▸ **EXERCISE DETAILS**
For each entry, repeat the text exactly and omit any picture it holds.

Referring expression grounding data:
—————
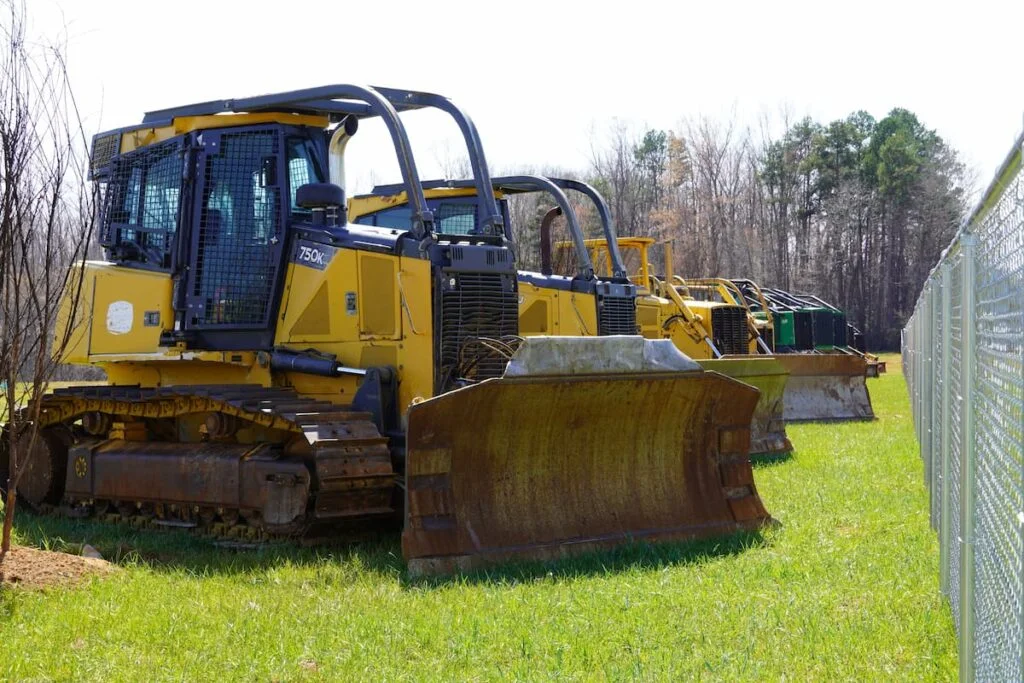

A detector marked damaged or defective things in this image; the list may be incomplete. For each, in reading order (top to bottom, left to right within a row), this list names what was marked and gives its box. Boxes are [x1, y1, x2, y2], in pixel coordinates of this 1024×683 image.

rusty dozer blade [403, 335, 770, 577]
rusty metal surface [403, 370, 770, 573]
rusty dozer blade [696, 358, 790, 458]
rusty metal surface [696, 358, 790, 458]
rusty dozer blade [774, 352, 872, 421]
rusty metal surface [774, 358, 872, 421]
—————
▸ **SOLVED PROBLEM**
A detector marked damaged or defective things in this image; the list may be incomplete. For each, in reading order (top to bottom, left to right within a row), this list names what was marked and gives its box. Boxes are [x1, y1, x2, y2], in pixel coordinates of this 1024×683 image.

rusty dozer blade [403, 335, 770, 577]
rusty metal surface [403, 370, 770, 573]
rusty dozer blade [696, 358, 790, 458]
rusty metal surface [696, 358, 790, 458]
rusty dozer blade [774, 352, 872, 421]
rusty metal surface [774, 358, 872, 421]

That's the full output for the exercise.